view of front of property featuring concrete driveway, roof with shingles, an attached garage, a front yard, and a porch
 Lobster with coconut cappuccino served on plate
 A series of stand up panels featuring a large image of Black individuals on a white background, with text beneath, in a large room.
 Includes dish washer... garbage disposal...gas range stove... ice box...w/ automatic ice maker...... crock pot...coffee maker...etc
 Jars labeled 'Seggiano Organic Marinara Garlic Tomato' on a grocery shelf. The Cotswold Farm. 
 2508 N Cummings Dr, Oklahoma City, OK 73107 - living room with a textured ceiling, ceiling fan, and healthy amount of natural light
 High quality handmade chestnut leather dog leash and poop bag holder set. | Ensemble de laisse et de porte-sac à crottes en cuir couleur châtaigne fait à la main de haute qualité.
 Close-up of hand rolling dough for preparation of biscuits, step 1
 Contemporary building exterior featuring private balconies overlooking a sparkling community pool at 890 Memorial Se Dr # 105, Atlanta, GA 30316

■ **TASK OBJECTIVE**: The reply must consist solely of the lines from the one containing "Jars labeled 'Seggiano" through the last line of the data, reproduced exactly.

■ **ANSWER BOX**:
 Jars labeled 'Seggiano Organic Marinara Garlic Tomato' on a grocery shelf. The Cotswold Farm. 
 2508 N Cummings Dr, Oklahoma City, OK 73107 - living room with a textured ceiling, ceiling fan, and healthy amount of natural light
 High quality handmade chestnut leather dog leash and poop bag holder set. | Ensemble de laisse et de porte-sac à crottes en cuir couleur châtaigne fait à la main de haute qualité.
 Close-up of hand rolling dough for preparation of biscuits, step 1
 Contemporary building exterior featuring private balconies overlooking a sparkling community pool at 890 Memorial Se Dr # 105, Atlanta, GA 30316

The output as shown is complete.